• Activity:
Starting with the line that contains "Feather masks" and stopping after the line that contains "Gummibaum in Vase", copy the entries below exactly. Include nothing else.

• Supplied material:
>>>
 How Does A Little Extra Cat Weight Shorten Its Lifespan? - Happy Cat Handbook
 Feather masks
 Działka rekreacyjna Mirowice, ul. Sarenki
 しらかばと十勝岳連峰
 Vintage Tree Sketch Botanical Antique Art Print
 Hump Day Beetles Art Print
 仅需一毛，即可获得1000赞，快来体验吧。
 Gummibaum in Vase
<<<
>>>
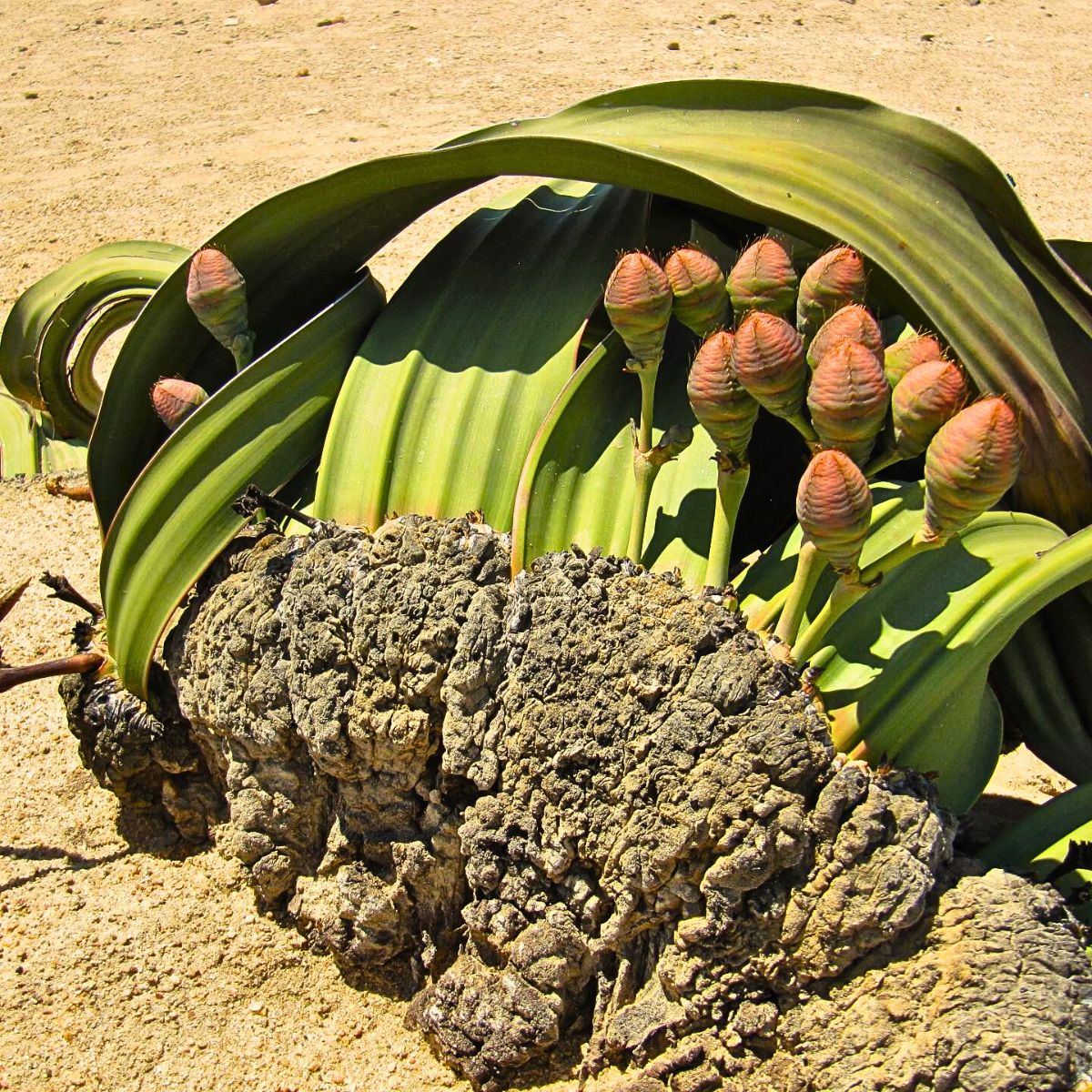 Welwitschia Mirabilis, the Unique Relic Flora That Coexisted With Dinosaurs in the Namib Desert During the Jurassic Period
<<<
• Exercise result:
 Feather masks
 Działka rekreacyjna Mirowice, ul. Sarenki
 しらかばと十勝岳連峰
 Vintage Tree Sketch Botanical Antique Art Print
 Hump Day Beetles Art Print
 仅需一毛，即可获得1000赞，快来体验吧。
 Gummibaum in Vase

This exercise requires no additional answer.